Farmer was on the side of the poor. But, he told the captain, "it still seems fuzzy which side the American soldiers are on. I sensed that Farmer knew Haiti far better than the captain, and that he was trying to impart some important information. The people in this region were losing confidence in the captain, Farmer seemed to be saying, and this was a serious matter, obviously, for a team of nine soldiers trying to governpeople. But the warning wasn't entirely plain, and the captain got a little riled up at Farmer's denunciation of the School of the Americas.
As for Nerva Juste, he said, "Look, that guy is a bad guy.
When I do have him and the evidence, I'll slam him. Juste was a menace and should be locked up. So they reached a strange impasse. The captain, who described himself as "a redneck," arguing for due process, and Farmer, who clearly considered himself a champion of human rights, arguing for preventive detention. This guide is divided into three categories: Questions in the first two sections can be used for oral discussion in small or large groups, or for written assignments.
The Personal Essay questions will require longer, personal answers, and are more appropriate as written assignments. He attended Harvard College and served as a lieutenant in Vietnam. His next book, My Detachment: A Memoir due Fall focuses on his time spent as a lieutenant in Vietnam. Farmer and the captain initially discuss a recent murder case in the area, and then move on to discuss the role of the U.
Why do you think that Kidder opens his book with this scene? Why do you think he chose to write Mountains Beyond Mountains from a first-person perspective? In what ways would the book be different if it were written in the third-person perspective?
On his trips outside of Haiti, Paul Farmer carries two photos to show his colleagues—one of his own daughter Catherine, and one of a young patient at Cange page Why is it important to Farmer to show both photos?

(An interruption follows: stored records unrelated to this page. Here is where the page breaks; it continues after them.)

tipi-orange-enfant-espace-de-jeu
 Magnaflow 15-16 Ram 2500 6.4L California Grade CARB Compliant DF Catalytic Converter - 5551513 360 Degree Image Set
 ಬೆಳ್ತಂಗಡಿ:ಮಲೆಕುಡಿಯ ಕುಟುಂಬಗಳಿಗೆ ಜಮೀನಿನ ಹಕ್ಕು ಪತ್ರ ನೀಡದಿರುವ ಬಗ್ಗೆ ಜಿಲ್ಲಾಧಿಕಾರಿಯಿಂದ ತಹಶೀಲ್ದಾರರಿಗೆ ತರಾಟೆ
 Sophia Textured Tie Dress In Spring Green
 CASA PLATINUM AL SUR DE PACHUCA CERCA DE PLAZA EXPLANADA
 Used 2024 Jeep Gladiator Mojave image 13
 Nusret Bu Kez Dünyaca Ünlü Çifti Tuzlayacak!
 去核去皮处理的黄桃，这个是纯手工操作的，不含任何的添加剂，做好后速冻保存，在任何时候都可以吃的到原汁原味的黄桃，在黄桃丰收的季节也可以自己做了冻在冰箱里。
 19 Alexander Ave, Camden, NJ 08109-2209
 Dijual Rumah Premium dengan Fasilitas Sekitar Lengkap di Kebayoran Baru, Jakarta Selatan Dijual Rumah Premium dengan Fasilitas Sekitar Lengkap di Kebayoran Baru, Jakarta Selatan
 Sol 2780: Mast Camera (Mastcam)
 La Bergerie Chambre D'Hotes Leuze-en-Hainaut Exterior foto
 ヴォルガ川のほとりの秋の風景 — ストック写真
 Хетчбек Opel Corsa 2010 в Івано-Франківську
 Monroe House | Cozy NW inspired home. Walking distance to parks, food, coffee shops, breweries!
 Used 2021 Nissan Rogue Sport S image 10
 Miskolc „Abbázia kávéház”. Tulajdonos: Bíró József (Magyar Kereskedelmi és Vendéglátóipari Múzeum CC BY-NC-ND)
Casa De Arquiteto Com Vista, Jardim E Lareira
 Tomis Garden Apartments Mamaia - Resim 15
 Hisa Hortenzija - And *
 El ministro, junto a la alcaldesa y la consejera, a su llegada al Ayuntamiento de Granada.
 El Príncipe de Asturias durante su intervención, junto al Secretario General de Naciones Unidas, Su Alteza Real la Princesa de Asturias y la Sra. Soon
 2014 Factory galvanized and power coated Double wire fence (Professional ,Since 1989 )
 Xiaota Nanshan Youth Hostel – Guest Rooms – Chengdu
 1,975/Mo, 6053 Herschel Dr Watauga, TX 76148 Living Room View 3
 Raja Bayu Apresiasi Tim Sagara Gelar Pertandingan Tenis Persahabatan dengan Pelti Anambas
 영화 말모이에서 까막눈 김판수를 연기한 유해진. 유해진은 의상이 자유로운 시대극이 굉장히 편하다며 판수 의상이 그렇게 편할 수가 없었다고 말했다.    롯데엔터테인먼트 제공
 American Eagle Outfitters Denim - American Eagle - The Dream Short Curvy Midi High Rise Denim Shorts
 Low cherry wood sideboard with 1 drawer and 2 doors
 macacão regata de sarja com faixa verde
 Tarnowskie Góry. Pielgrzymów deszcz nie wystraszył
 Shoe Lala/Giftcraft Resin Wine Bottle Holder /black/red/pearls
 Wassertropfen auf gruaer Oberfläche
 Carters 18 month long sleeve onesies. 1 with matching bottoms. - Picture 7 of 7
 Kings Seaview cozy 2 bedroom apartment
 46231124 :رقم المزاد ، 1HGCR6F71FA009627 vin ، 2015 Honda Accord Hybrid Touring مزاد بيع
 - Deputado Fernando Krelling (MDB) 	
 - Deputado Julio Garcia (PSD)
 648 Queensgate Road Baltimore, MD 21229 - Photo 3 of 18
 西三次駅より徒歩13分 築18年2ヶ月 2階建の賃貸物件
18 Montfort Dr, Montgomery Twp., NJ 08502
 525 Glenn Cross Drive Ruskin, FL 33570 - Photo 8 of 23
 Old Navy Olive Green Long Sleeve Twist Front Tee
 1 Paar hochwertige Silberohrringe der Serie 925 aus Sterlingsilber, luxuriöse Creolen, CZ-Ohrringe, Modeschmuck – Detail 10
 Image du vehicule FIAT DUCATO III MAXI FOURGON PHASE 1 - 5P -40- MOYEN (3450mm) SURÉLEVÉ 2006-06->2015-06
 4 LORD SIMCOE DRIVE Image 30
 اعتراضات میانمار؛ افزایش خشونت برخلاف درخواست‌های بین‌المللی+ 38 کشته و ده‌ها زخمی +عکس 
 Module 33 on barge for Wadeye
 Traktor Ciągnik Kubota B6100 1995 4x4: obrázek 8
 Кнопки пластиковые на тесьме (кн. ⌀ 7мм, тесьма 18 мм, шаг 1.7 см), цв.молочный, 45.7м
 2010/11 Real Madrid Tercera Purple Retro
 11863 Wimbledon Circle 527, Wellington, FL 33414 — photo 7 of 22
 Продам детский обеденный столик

What sacrifices has Farmer made to pursue his goals? How have these sacrifices affected his relationship with Didi and Catherine, and with his friends? Paul Farmer had a very unusual upbringing in Massachusetts, Alabama, and Florida. What specific elements from his childhood and family life prepared Farmer for his current life?
How has your upbringing influenced your own choices and goals in life? In many cases, Farmer tends to reach out to touch his patients comfortingly and call them by pet names or endearments. Are these gestures typical of modern American doctors?
What motivates Paul Farmer to do the work he does? What does he see as his compensation? His approach to public health care has drawn criticism because it is not perceived to be cost-effective.
What is his response to these arguments? What factors do you think are most important in making such decisions about how money should be spent in public health programs?